A very peculiar protest

Demonstrations at St. Paul's Cathedral do concern the private equity industry, although protesters don't seem sure exactly what private equity means

Being a mild-mannered sort of financial magazine intro section, First Round doesn’t really go in for mass demonstrations – particularly if the protestors are objecting to the fundamental injustices of the capitalist system (since that would feel a bit hypocritical, in the circumstances).

Nonetheless, we couldn’t help but be intrigued when the Occupy London movement, an offshoot of Occupy Wall Street, decided to pitch its tents outside St Paul’s Cathedral, just five minutes down the road from PEI HQ. Were we the enemy? Were we, in their considered view, nothing more than fully paid-up lickspittle running-dog lackeys of the capitalist-imperialist regime?
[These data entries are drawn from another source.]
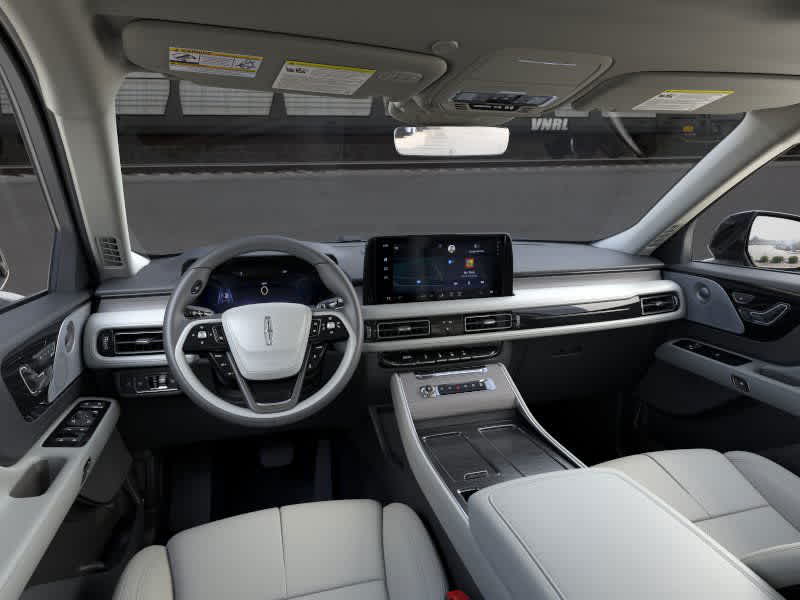 new 2025 Lincoln Aviator car, priced at $81,150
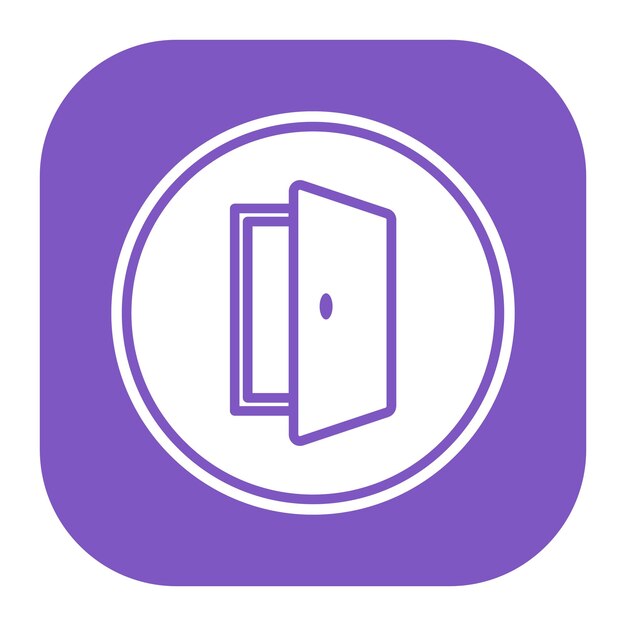 Iconos de entrada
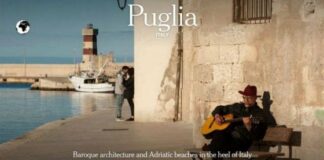 Il New York Times sceglie la Puglia tra le 52 mete da visitare nel 2019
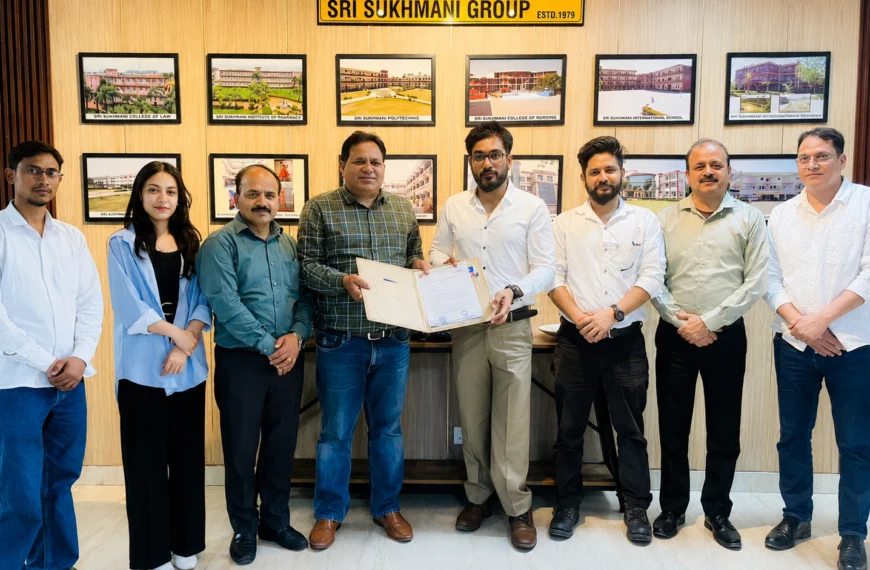 SSGI Signs MoU with Vertest PPE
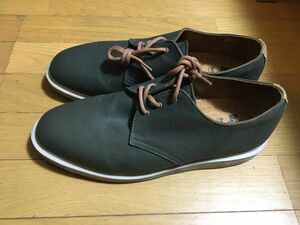 Dr.martens TORRIANO (ドクターマーチン) AW004 GV07R スニーカー レザーシューズ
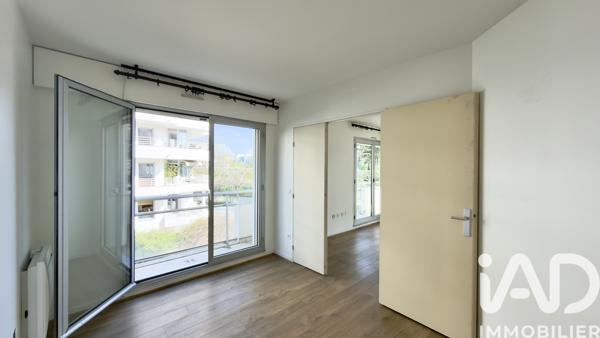 Appartement à vendre 3 pièces 66 m² Boulogne-Billancourt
As it turns out, the more appropriate question would have been: did they actually have a considered view? In an act of bravery worthy of the great war reporters, fearless PEI journalist Nicholas Donato donned his (metaphorical) flak jacket and literally walked unopposed to St. Paul’s to pose the $64,000 question: “So, um, what are you doing, exactly?”

 Turns out that the motley crew outside the cathedral was definitely anti-something very significant, although not many of them seemed entirely sure what. Banks, maybe. Or possibly the Coalition Government’s cuts. Or National Health Service reform. Or tuition fees. Or Liam Fox (see p. 6). Or perhaps something else entirely. Either way, there was unanimous consensus that it was A Very Bad Thing.

And what, pray, of private equity, asked our intrepid hack? How much did they know about it? Was it part of the problem, or part of the solution?

“The private equity model to me basically means loading up companies with too much debt and hoping to profit. They don’t care what it means to society,” snorted one.

“It’s all ridiculous; I can’t see how it benefits anybody. I can’t see a direct benefit at all for people’s lives. Private equity is just playing with money,” sniffed another.

“My theory is that they probably sound like noble ideas, buying out public companies [sic]. But you can corrupt these things if you want to, that’s the problem. It’s too easy to abuse. You can set up any scheme you like and someone will find a way to exploit it in a capitalist system. It just benefits someone who wants to make a lot of money. Nothing is sacred anymore,” snivelled a third.

However, First Round is duty bound to admit that by far the most common answer was something along the lines of: ‘Eh? Private equity? What’s that?’

The standards of financial literacy in the UK… Now there’s something worth protesting about.